[Available data Boundary: Start]

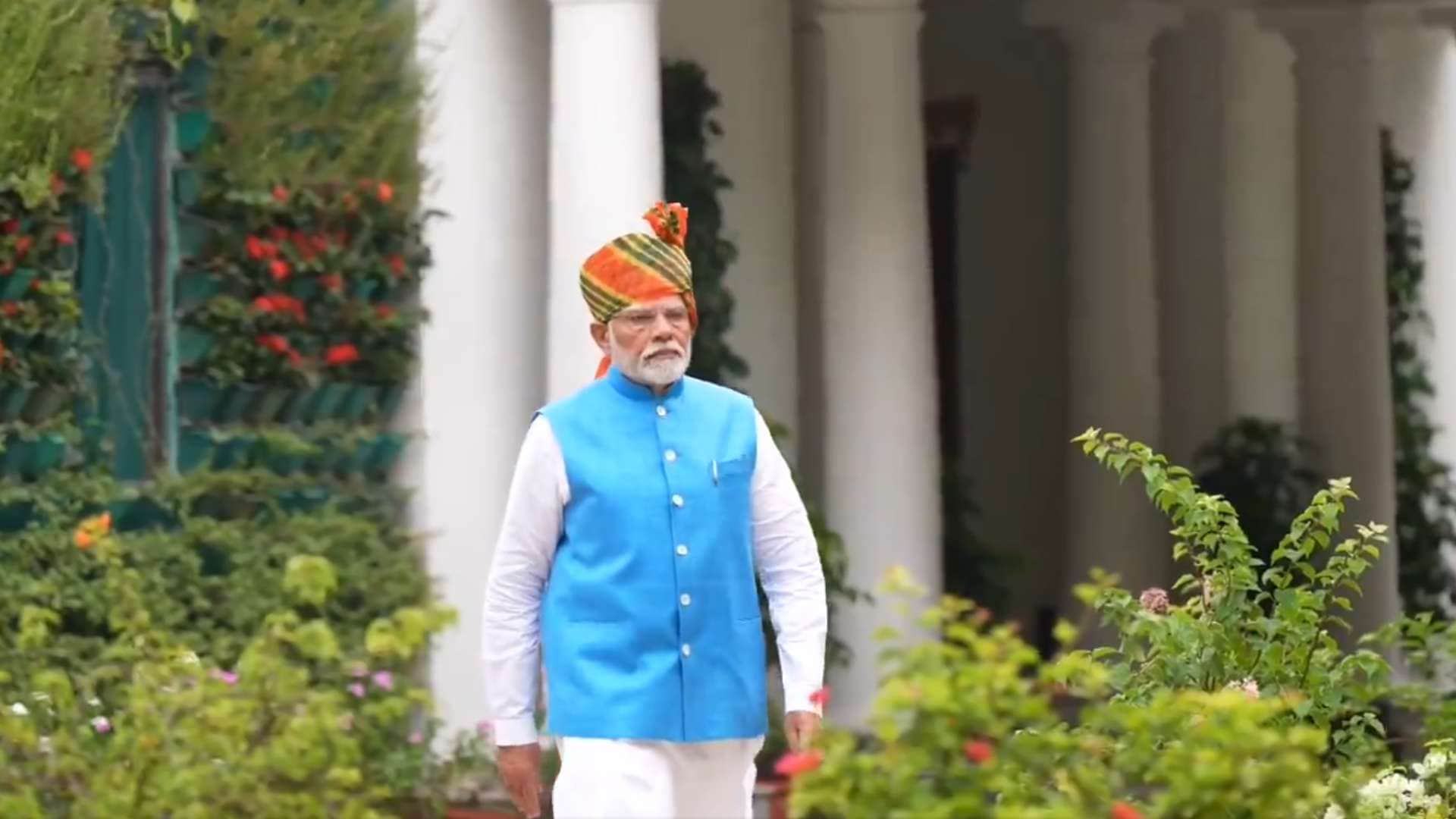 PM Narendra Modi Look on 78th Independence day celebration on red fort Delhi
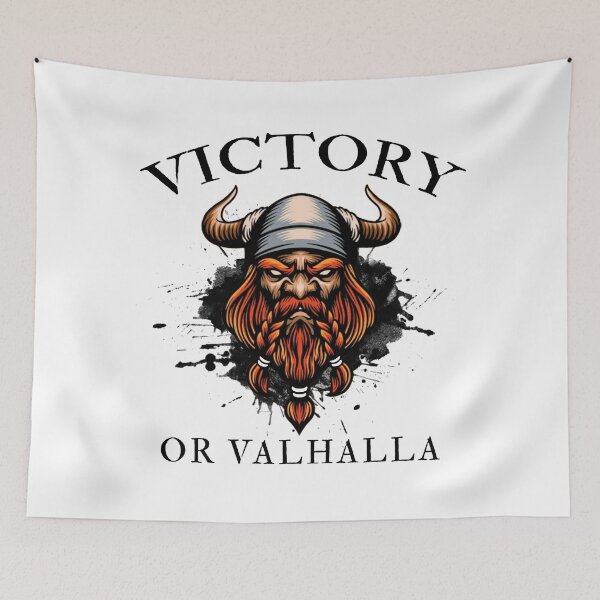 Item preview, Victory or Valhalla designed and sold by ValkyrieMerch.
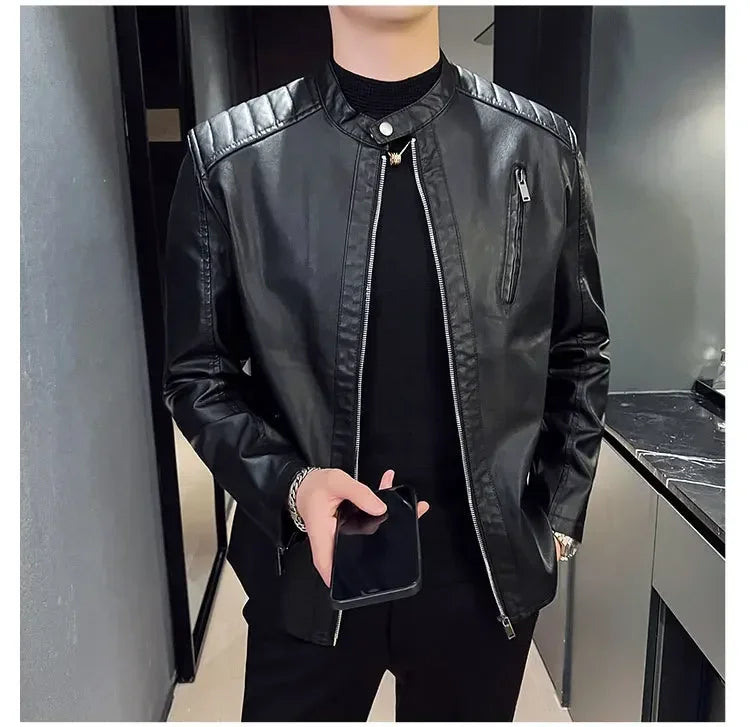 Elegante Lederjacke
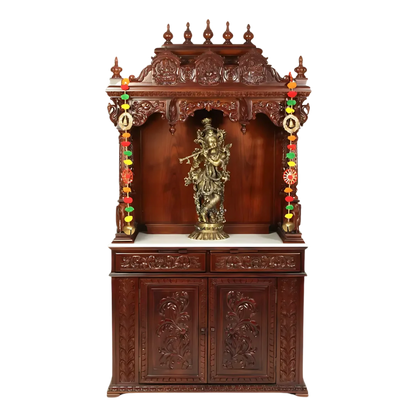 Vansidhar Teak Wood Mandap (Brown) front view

[Available data Boundary: End]

Please give the data again unaltered, leaving out any images.

**Response area:**
 PM Narendra Modi Look on 78th Independence day celebration on red fort Delhi
 Item preview, Victory or Valhalla designed and sold by ValkyrieMerch.
 Elegante Lederjacke
 Vansidhar Teak Wood Mandap (Brown) front view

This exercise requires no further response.